It just goes to show that, although most of us here read this site daily and know all of the major issues and feel like we are pretty immersed in peak oil as a concept, the average joe in the U.S. still has no clue. Scary.

I got to the 3rd page and I had alls I could stands. The posters remind me of the kid that wouldnt walk 50 feet to the ATM. They all want something for nothing. When I read crap like that, I lose faith in evolution.

Boycott Citgo

Ahhh here we go! Yet another "I'm the consumer and I can make a difference!" piece. Boycott Citgo? Yea, that wont drive the price of gasoline up even higher! "Consumers" are SO self-defeating.

Solution: Work toward changing your label from consumer to producer. Or at least move closer to work and ride a bike.

My favorite laugh:

"There is no reason for Gas to ever be over .30 Cents a Gallon any where in the United States. we need to Tax all oil companies 100% of every dime of profit over $100,00.00 every year. Also there is a Hydrogen Adaptor out there that makes a closed Hydrogen Run car available to every American from 1990 to present day. You can fill up with a garden hose and all exhaust is water vapor. The congress and senate won't let it happen because the oil companies pay them to keep it off the market. The Congress does not want us to drive for free because than they can not tax us for the Gas we use."

Was it one of them laughs that ends with "ohhh man we are f-in screwed"?

That was my reaction. Then this quote from the movie "Pitch Black" then popped into my head.

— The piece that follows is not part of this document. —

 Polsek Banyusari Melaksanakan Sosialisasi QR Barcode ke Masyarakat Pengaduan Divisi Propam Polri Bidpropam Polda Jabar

Riddick: "I truly don't know what's gonna happen when the lights go out Carolyn but I do know, once the dying starts, this little psycho f*** family of ours is gonna rip itself apart."

Bokken

I would be curious to see how that person would react to questions about the 'Hydrogen Adapter', how it works, how they know about it, how to build one, etc. Would their head explode?

It makes me think of someone suggesting that there are flying cars but that they have been suppressed so that the companies that service roads don't go out of business. It's this kind of crap that makes real conspiracies so hard to detect.

Perhaps there should be a law prohibiting dumb people from suggesting new conspiracies. A rider that requires proper grammar in popular music lyrics would also be good.

I tried that garden hose thing. It didn't burn any more gas all day :0
It'd be major progress just to get these folks to POD.

Yes, it is people like these that should give you an idea of what we will have to deal with when TSHTF.

1. PO
2. corporate cleptocracy as a one party political system
3. third world demographics

What a cocktail, one little spark and the whole thing goes up in smoke, eh?

and then survivalists are nuts?

Welcome to Ringling Bros. Barnum and Bailey last show.

Re: Kuwait Oilfield discovery article

I would guess it is fair to assume it isn't spectacular, but I could be wrong.

I also doubt it is even giant class, since that is reasonable good news material in today's environment as well.

However, even if these assumptions are wrong, is it relevant if we already on the peak plateau?

We need a new giant every 6 days, or 60 per year to BREAK EVEN.

It is pretty easy to see this isn't happening, so it will take a tremendous amount of small fields to make a difference to the down slope.

Me: Planning for the worst, but always hoping for miracles.

When Hubbert did his original Lower 48 work, he found that a one-third increase in URR only delayed the peak by six years.

It takes decades to fully deplete a multi-billion barrel oil field like Prudhoe Bay (the largest oil field in North America and one of only about 14 fields that have produced one mbpd or more).

During Bush's first term, the world has fully consumed the equivalent of eight Prudhoe Bay Fields.

Kuwait's oilfield discovery is probably like KSA's...a long straw poked under the sand into Iraq.

LOL That was my very first thought too! and my second and third...

This announcement is a textbook case for almost all announcements coming from the middle east states. Another "huge" discovery..., but of course it is not mentioned, how "huge" this discovery is or at least how the estimates are. They leave the world in the dark. If this discovery were in Norway, GB, Mexico or even Venezuela, they would deliver data, since data is the only interesting issue.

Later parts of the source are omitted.